The Print Psychopath

Print was no longer an array of written words conveyed in some shape assimilable by the mind-categories of habitual reading. Print was a trace-signature embedded in phenomenal surfaces, snaking its passage through the elements bequeathing a trail of phantom-stigmata like ciphers of unknowable provenance. Words had become with him the marks left behind on the body of matter by energies moving it toward their own releasement into something else lying forever beyond it.

The Censor’s Ordeal

The Projector casts its final play of light and shadow on the sordid undercarriage of civilization as a room reveals itself entirely bare save for a bed on which a man and woman are indulging in what appears to be the most innocuous of all natural acts, a statement of simplicity itself, in which the mind alone supplies the significance and the dirt. Gradually the normal human features of the sexual pair undergo a subtle metamorphosis into satyr-like streaks of bestiality. Kirlean auras dislodge and dance above their heads like pseudopods or ectoplasmic sheets in a slick of soul-spillage.

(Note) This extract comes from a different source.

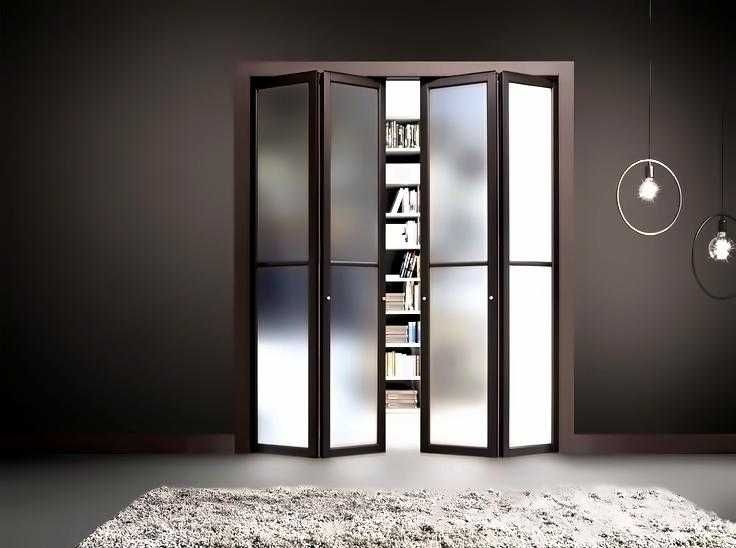 Двери и перегородки в стиле loft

Their bodies twitch and heave with feline elasticity – glistening with gauze-like sweat, sprouting electrified hair. Their sounds acquire an animal urgency, erupting like pumice-daggers from volcanic bellies. The coital congress is neither purely natural, nor purely unnatural, a disturbing paradox for our friend. Beast, Man and God form a perplexing Trinity in which every species slithers in and out of its skin in realms where the secular-religious divide has long been synthesized and superceded. All the Ages of Man have been crunched up into one, like Einstein’s train crashing the barrier in a scrambled fugue of space-time. Censor that, if you can!